Al tiempo de realizarse el concurso, el joven tenía diez años, y era alumno de una Escuela de Grado Elemental. Luego pasó sucesivamente por los centros de Grado Medio y Superior de la misma institución privada, para ingresar más tarde en el primer ciclo de la Facultad de Ciencias de la Universidad de Tokio. Luego, hasta el momento de promocionarse ingresando en la Facultad de Arquitectura, su nombre aparecía en los catálogos de antiguos alumnos de la Escuela de Grado Superior. Pero en el siguiente catálogo publicado, al no haber él respondido a la encuesta, su dirección actual se daba como desconocida. Tras hacer indagaciones en la universidad, se averiguó que había dejado voluntariamente los estudios. En mucho tiempo no había tenido contacto ni siquiera con sus padres; y aun en el supuesto de que se encontrara bien de salud, era de suponer que llevaba una vida errática.

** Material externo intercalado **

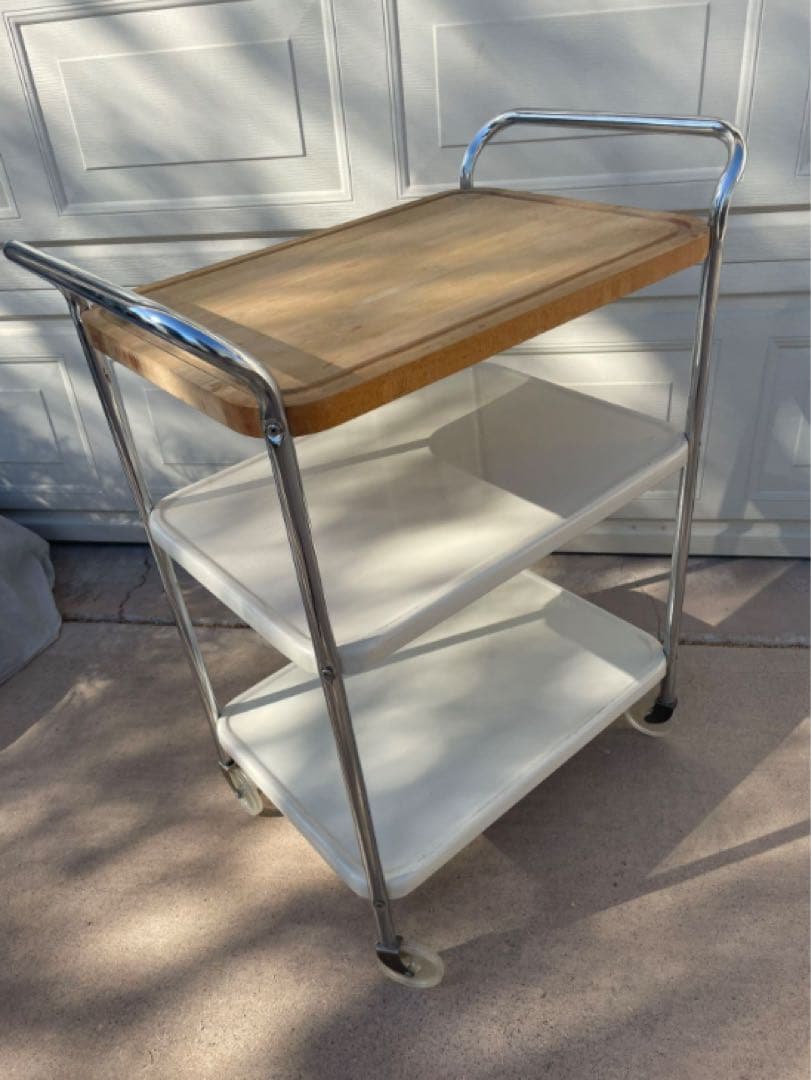 ビンテージ、コスコ社製、キッチンカート、ミッドセンチュリー、cosco、ワゴン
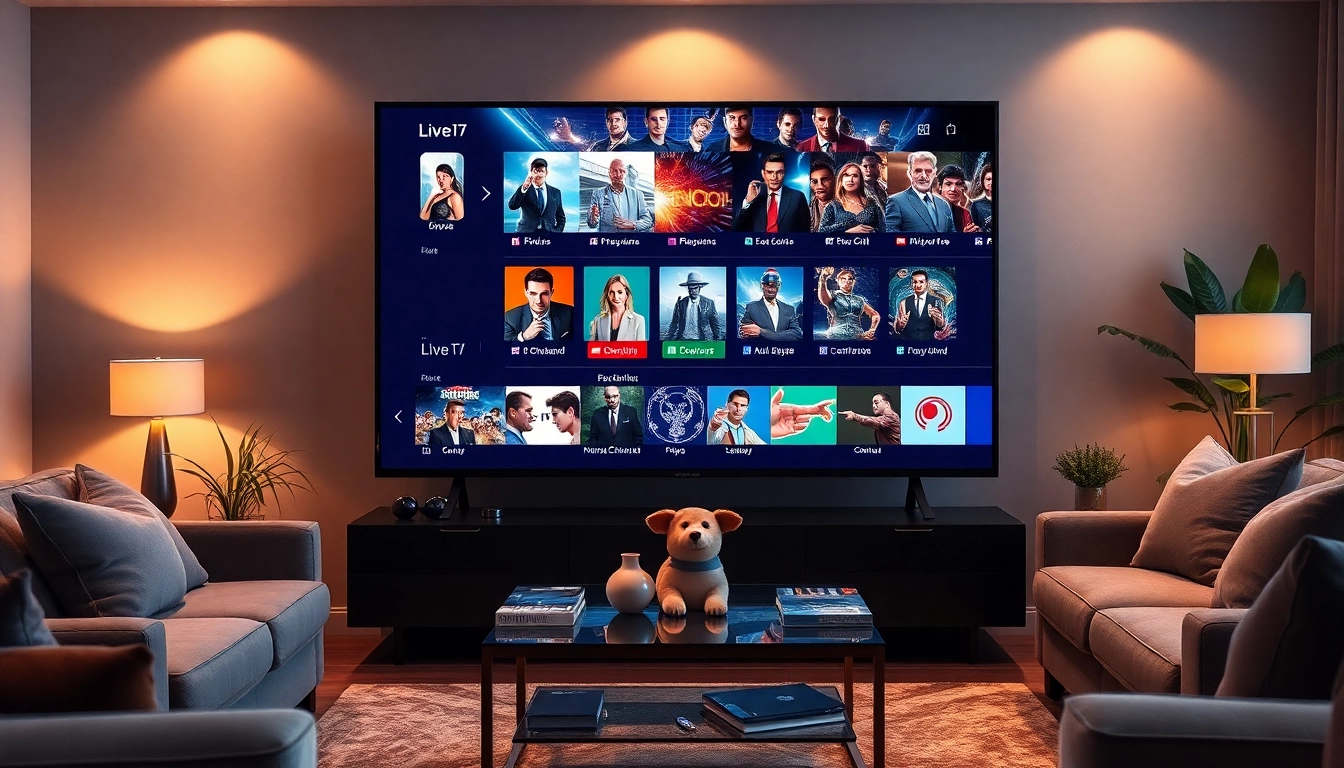 Experience seamless entertainment with a 24h iptv test on a modern TV setup in a cozy living room.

Pero, por otra parte, el periodista declaró que, tratándose de la joven, sí sabía cómo contactar con ella, ya convertida en persona adulta. Antes de escribir aquel primer artículo del recuadro, naturalmente intentó entrevistar al joven, pero, ya fuera porque éste se negó, o bien porque tampoco la familia se mostró a favor, su propuesta fue rechazada. En tal situación, escribió el artículo basándose en las palabras de la joven. Al periodista, incluso, le había llegado una tarjeta de felicitación de Año Nuevo enviada por la madre de ella -que, al presente, residía en Hokkaido-. Todo esto era cosa de unos años atrás; pero allí se decía que la hija se había marchado a Tokio, llevada por su deseo de convertirse en bailarina profesional, y que, como se hacía constar su lugar de residencia en Tokio y demás detalles, era posible localizarla.